[GIVEN INFORMATION Boundary: Start]
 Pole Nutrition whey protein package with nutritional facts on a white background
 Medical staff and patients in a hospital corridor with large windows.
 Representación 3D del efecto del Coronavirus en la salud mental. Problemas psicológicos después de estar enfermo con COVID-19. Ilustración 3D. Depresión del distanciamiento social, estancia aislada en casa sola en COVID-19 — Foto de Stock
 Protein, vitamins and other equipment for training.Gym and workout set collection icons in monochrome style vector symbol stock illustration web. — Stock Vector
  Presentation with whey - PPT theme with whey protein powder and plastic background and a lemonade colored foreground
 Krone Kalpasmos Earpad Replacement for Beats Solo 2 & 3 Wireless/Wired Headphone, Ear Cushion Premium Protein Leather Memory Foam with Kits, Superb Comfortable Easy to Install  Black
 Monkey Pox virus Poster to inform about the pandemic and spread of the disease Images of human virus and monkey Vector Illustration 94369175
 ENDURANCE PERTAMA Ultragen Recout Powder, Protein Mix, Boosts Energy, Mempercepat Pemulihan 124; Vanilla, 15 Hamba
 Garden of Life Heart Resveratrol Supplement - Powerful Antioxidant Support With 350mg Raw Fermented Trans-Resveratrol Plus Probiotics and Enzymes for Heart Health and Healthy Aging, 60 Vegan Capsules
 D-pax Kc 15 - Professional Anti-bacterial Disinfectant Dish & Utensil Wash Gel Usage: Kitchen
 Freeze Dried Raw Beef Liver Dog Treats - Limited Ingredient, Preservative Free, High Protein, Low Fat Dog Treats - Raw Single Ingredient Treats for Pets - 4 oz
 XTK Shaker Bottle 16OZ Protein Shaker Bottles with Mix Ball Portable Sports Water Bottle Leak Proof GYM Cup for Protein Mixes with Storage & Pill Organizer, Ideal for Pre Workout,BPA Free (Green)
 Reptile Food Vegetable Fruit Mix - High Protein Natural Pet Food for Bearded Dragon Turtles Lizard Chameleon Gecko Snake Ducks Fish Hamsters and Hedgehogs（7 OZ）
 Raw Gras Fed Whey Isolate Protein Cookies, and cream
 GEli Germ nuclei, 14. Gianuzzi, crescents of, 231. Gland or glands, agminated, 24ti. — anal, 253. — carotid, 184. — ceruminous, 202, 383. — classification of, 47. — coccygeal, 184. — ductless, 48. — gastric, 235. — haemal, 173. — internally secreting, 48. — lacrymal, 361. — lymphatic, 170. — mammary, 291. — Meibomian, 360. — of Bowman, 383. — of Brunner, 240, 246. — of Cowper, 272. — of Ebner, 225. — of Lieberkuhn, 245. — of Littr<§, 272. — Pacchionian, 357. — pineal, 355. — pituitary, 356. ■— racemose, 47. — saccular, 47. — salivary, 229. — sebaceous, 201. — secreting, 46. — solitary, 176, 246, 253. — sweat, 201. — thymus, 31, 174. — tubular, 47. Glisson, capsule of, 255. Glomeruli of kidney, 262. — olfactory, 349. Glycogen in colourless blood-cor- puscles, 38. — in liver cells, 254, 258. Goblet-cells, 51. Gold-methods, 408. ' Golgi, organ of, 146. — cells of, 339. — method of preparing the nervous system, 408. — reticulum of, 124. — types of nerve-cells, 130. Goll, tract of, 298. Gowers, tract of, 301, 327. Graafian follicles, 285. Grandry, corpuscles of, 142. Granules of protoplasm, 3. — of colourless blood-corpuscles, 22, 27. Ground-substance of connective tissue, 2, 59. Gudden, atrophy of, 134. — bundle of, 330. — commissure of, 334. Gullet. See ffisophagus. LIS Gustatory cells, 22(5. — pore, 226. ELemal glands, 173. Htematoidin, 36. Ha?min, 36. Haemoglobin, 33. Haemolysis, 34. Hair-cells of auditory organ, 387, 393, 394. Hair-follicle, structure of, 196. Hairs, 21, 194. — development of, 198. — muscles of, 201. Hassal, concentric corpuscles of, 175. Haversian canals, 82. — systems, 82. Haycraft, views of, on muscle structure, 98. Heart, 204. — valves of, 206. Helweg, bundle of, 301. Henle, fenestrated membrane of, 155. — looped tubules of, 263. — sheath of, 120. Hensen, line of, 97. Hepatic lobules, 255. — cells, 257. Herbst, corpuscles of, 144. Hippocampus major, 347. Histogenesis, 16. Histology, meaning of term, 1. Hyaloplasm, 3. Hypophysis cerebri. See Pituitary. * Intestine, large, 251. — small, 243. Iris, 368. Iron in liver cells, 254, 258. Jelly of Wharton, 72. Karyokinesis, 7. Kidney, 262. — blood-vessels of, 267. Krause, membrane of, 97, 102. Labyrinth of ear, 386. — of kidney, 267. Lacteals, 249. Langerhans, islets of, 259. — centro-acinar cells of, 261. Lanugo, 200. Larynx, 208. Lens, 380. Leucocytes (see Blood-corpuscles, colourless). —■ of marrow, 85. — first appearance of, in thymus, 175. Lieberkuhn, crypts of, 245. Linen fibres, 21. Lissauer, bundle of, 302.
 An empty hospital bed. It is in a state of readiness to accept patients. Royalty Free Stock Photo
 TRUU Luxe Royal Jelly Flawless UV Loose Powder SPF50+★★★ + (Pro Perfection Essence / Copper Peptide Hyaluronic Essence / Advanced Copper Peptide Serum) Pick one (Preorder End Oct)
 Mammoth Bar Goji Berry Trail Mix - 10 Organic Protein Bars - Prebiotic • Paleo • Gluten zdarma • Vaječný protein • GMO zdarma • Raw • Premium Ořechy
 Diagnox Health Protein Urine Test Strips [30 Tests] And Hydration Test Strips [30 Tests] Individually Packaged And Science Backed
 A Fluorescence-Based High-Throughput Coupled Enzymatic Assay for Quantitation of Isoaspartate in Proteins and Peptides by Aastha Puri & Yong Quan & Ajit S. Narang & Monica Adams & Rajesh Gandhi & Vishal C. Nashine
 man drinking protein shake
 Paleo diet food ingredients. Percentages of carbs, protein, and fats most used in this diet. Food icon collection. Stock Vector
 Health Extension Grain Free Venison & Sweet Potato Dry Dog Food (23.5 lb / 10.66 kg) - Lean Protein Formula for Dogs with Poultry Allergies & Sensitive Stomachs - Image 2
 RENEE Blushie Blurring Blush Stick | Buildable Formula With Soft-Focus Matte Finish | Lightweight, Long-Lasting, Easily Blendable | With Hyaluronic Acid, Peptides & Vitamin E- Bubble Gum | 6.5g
[GIVEN INFORMATION Boundary: End]
WORK TO COMPLETE: Output the data exactly, from the first line through the line that holds "Krone Kalpasmos Earpad", so that no later line appears.

ANSWER FOR THIS EXERCISE:
 Pole Nutrition whey protein package with nutritional facts on a white background
 Medical staff and patients in a hospital corridor with large windows.
 Representación 3D del efecto del Coronavirus en la salud mental. Problemas psicológicos después de estar enfermo con COVID-19. Ilustración 3D. Depresión del distanciamiento social, estancia aislada en casa sola en COVID-19 — Foto de Stock
 Protein, vitamins and other equipment for training.Gym and workout set collection icons in monochrome style vector symbol stock illustration web. — Stock Vector
  Presentation with whey - PPT theme with whey protein powder and plastic background and a lemonade colored foreground
 Krone Kalpasmos Earpad Replacement for Beats Solo 2 & 3 Wireless/Wired Headphone, Ear Cushion Premium Protein Leather Memory Foam with Kits, Superb Comfortable Easy to Install  Black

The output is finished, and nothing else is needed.